A essência e o objetivo da via espiritual iniciática é a união com Deus. Essa união só é possível porque ser homem é sê-lo à imagem e semelhança de Deus. O mito de Adão e Eva nos ensina que depois da queda, este aspecto essencial do humano tornou-se ineficiente. Por isso, toda e qualquer tentativa de reintegração da forma humana no seu Arquétipo infinito e divino, (a volta ao paraíso), só é possível se antes for regenerada à pureza do estado original humano.

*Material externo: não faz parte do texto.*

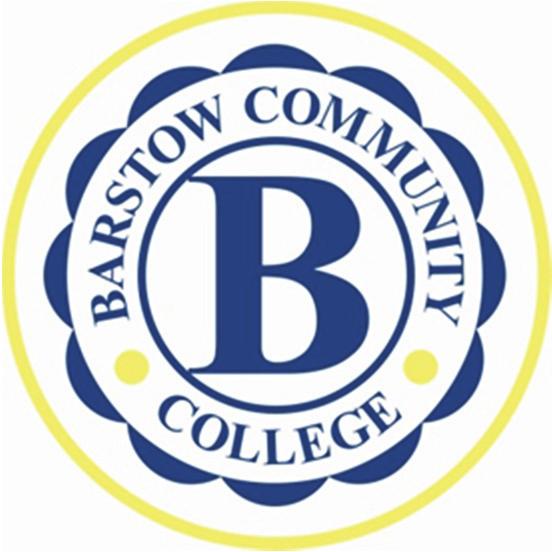 Barstow Community College INST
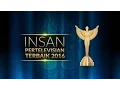 Najwa Shihab | Insan Pertelevisian Terbaik Panasonic Gobel Awards 2016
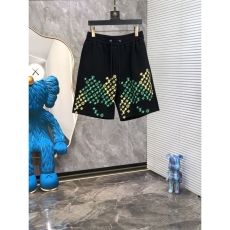 Louis Vuitton Short Pants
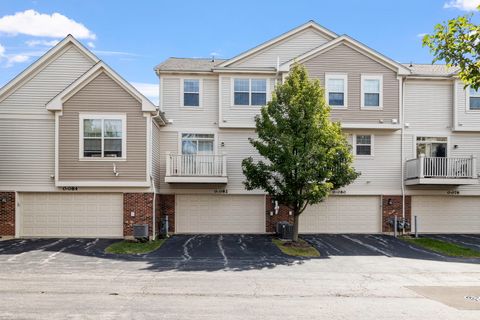Tiny photo for 0N082 Forsythe Court, Winfield, IL 60190 (MLS # 12484405)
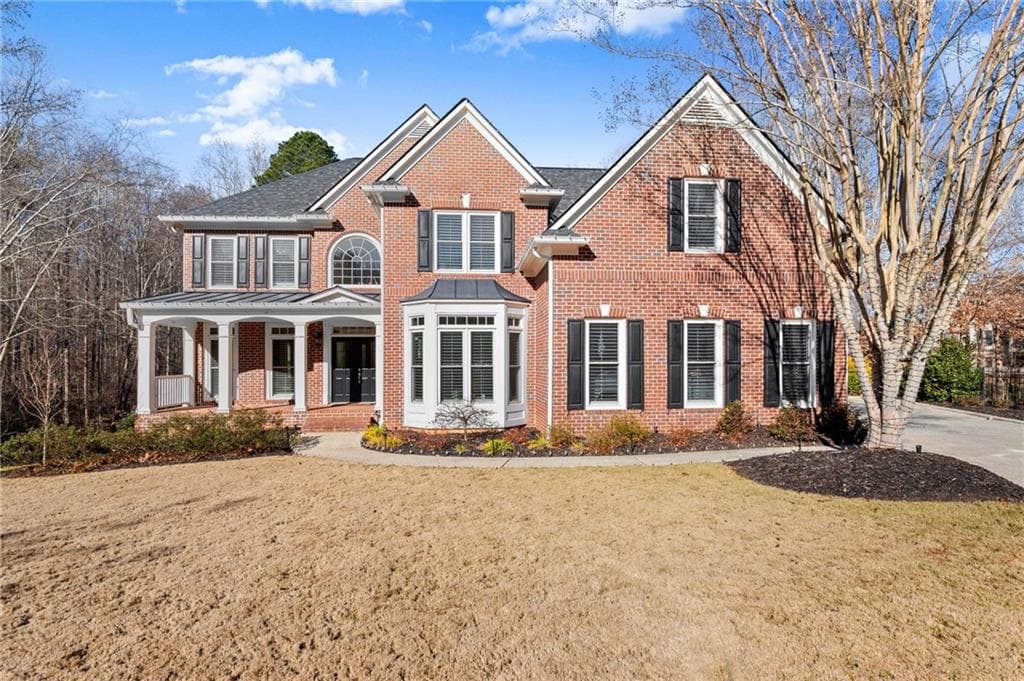 248 Cedarhurst Drive, Canton, GA 30115 — most recent listing photo
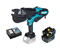 Аккумуляторный инструмент для обжимки кабеля MAKITA SET-DTC302ZK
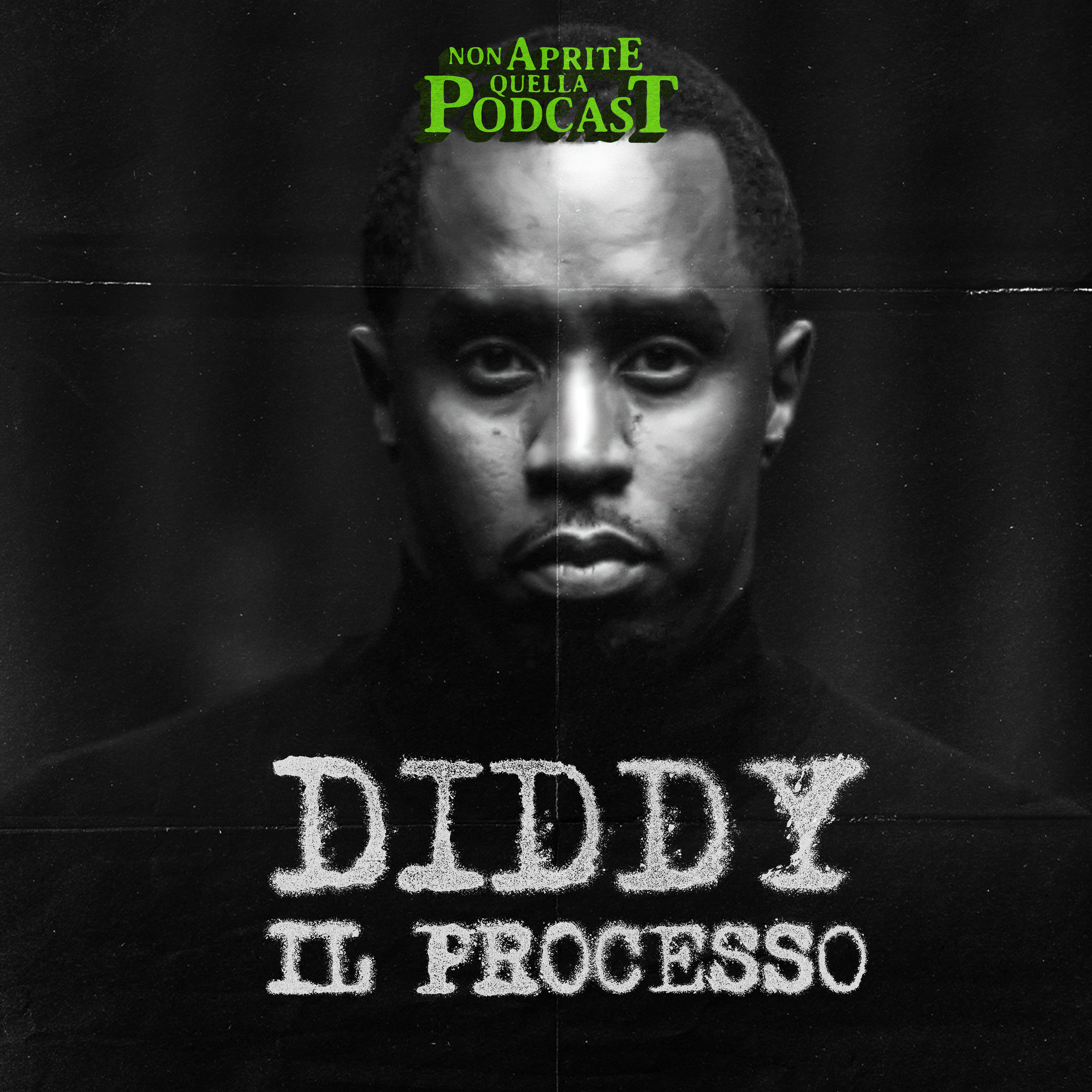 Il Caso Diddy #3 - Il Processo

Tomado em sua significação espiritual, a transmutação do chumbo em ouro é nada mais nada menos do que a reintegração da natureza humana na sua nobreza original. (3) 

De modo análogo ao relato do Gênesis, o conto nos informa que no princípio viviam em harmonia complementar um par de opostos, o Rei e a Rainha-Mãe boa.  Com a morte da Rainha-Mãe e após o nascimento de Branca de Neve instaura-se um desequilíbrio, uma espécie de afastamento da unidade, que é representado pela chegada da rainha má. 

Assim, depois da morte da mãe, Branca de Neve perde sua dignidade de princesa no castelo do pai e se torna uma serva da madrasta má. Na linguagem da história, isso corresponde a uma queda similar àquela descrita pelo Gênesis no mito de Adão e Eva. Agora, filha de um viúvo, Branca de Neve, apesar de ter a marca das três cores, que a qualifica como um ser especial, cai numa função subalterna dentro do mundo profano, marcado pela dualidade, pela dispersão, pelas paixões e dominado pela rainha má. O conto nos mostra que é necessário reunir em si o disperso, reintegrar-se em retiro além da floresta e nas montanhas, para depois se unir ao Espírito, que aqui é, sem dúvida, figurado pelo Príncipe. 

A rainha madrasta descobre que Branca de Neve é a mais bela quando esta última faz sete anos. A rainha má é obcecada com a comparação quantitativa do aspecto estético e, portanto, apenas sensorial da realidade. Ela é incapaz de perceber qualquer beleza interior. A unidade do belo, do bem e da verdade que todas as tradições religiosas e filosóficas proclamam da maneira mais veemente inexiste na rainha má, por causa de uma concentração exagerada da inteligência dela no aspecto mais externo da realidade material. 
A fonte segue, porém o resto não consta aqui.